The pandemic has stressed the health care workforce across all sectors. Workers are experiencing burnout and employers are scrambling to find ways to retain employees. During our “Collaborations that drive workforce solutions across silos” panel, four experts will share how health care organizations and businesses are collaborating and coordinating in new and innovative ways to support the workforce.

Keala Peters, executive vice president of education & workforce development, and executive director of sector partnerships at the Chamber of Commerce, and Rachael Aquino, Ph.D., president of Hawaii Workforce Pipeline, will join a multi-perspective panel on this important topic. Janna Hoshide, senior director of workforce development at the Healthcare Association of Hawaii, and Laura Reichhardt, director of the Hawaii State Center for Nursing, will also join the conversation.

4. Mental health and our kids: From social media to COVID

The U.S. surgeon general recently released an advisory warning of the “devastating” mental health challenges facing young people. From the impacts of social media to COVID, our children face higher rates of depression, anxiety, and other mental health issues. This panel will discuss navigating life in the 21st century and what can be done to support young people as they navigate this “new normal.”

Panelists will include Caroline Carney, M.D., chief medical officer at Magellan Health, Will Scruggs, M.D., president of Hawaii ACEP, Kurt Humphrey, medical director at the Child & Adolescent Mental Health Division in the Department of Health, and Justina Acevedo-Cross, program director of community grantmaking and initiatives at the Hawaii Community Foundation. Be sure to bring your questions to what will be a particularly forward-looking conversation.

5. Building a community infrastructure for health

Building the right community infrastructure to address Hawaii’s unique ecosystem can be both exciting and challenging.

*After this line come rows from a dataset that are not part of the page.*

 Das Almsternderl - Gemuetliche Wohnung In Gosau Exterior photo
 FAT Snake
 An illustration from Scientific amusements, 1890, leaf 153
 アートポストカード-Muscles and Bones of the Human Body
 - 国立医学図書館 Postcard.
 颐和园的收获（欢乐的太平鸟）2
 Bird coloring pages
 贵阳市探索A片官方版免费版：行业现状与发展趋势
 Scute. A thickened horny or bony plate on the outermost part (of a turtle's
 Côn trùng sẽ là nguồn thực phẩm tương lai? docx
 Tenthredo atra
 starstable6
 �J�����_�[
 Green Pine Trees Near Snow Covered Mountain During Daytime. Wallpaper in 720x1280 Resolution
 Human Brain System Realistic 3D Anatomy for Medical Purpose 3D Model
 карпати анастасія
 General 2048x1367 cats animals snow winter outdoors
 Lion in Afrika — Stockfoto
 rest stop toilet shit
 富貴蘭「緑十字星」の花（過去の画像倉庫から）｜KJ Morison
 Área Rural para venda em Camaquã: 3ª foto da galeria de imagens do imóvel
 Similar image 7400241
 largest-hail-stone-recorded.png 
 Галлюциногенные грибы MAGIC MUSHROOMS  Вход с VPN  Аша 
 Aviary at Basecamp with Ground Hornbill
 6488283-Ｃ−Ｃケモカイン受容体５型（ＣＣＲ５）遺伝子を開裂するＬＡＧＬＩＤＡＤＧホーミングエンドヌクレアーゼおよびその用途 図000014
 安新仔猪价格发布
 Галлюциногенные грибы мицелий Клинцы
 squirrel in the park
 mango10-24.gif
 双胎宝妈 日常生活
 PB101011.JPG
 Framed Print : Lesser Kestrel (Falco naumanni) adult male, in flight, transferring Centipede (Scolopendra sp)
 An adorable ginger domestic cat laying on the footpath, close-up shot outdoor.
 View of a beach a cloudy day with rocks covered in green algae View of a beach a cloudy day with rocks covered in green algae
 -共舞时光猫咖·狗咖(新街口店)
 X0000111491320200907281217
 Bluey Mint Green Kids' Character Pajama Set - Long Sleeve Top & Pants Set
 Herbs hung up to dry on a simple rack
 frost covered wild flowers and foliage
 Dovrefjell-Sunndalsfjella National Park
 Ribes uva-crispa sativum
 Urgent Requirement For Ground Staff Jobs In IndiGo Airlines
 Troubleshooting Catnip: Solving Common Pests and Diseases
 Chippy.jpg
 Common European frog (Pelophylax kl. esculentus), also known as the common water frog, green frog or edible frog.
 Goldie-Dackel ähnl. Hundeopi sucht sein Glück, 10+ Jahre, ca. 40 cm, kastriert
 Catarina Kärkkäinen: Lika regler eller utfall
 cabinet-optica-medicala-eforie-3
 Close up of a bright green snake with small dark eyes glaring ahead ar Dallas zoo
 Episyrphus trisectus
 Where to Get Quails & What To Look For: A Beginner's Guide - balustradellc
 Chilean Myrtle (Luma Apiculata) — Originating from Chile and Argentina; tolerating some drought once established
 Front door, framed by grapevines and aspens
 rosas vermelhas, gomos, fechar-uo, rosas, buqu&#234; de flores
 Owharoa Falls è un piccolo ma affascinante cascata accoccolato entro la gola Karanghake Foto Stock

At the conference next week, these stakeholders will share how they’ve developed partnerships that address culturally appropriate models of care delivery and establish cross-silo relationships.

Our “Building a community infrastructure for health” panel will bring together Melissa Sherry, Ph.D., vice president of social care integration at Unite Us, Aimee Grace, M.D., director of the Office of Strategic Health Initiatives at the University of Hawai’i System, Helen Turner, Ph.D., vice president for strategy and innovation at Chaminade University, and Kamuela Enos, director of the UH System Office of Indigenous Innovation.